“The communication lines are not operating efficiently,” said House Republican Conference Chairman Adam Putnam of Virginia.
Late Tuesday night, the administration announced an $85 billion rescue of insurance giant American International Group, the second major bailout of the week in a deepening financial crisis.
“Our caucus doesn’t feel like they understand the coherent strategy [of the administration], if there is one,” said House Minority Whip Roy Blunt (R-Mo.).
Many Republicans said they were caught off guard by Tuesday’s AIG deal, even though both Treasury Secretary Henry Paulson and Federal Reserve Chairman Ben Bernanke had come to the Capitol Tuesday evening to brief lawmakers a few hours before it was announced.

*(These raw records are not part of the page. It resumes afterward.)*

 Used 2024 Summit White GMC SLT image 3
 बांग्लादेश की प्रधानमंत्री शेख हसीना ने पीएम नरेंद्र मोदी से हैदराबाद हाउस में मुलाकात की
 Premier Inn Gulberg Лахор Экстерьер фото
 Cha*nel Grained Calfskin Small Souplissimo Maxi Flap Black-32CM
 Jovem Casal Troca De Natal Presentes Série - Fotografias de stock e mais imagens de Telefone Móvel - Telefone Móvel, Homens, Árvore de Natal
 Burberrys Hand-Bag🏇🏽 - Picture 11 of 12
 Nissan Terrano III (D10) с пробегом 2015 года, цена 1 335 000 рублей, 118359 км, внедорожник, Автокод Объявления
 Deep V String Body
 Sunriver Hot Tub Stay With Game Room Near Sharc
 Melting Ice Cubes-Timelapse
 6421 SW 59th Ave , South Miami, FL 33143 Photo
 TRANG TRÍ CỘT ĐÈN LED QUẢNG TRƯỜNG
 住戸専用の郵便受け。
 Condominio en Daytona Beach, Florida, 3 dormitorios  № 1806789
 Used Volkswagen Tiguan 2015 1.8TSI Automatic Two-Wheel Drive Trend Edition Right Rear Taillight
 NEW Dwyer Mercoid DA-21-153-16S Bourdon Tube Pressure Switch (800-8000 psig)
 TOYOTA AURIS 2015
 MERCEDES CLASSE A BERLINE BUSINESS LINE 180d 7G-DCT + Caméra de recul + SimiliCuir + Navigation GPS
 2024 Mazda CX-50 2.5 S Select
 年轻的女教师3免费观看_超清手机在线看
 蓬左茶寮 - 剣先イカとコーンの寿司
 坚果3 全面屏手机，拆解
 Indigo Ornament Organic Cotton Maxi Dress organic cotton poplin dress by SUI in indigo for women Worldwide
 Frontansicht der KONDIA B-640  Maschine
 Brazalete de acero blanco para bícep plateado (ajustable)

“There is confidence in Bernanke, but that reservoir is not limitless,” Putnam said. “People need to understand what the guiding principles are behind this ad hoc strategy.”
“How do you decide that AIG is worthy of a bailout, but Lehman Brothers is not?” Putnam asked. “There has to be some better understanding of that.”
And the lack of communication does not seem to just be a Republican concern, either. Earlier this week, Senate Banking Committee Chairman Chris Dodd (D-Conn.) wondered why Paulson had canceled an appearance before his committee, but still found time to deliver a speech at a think tank on the same day.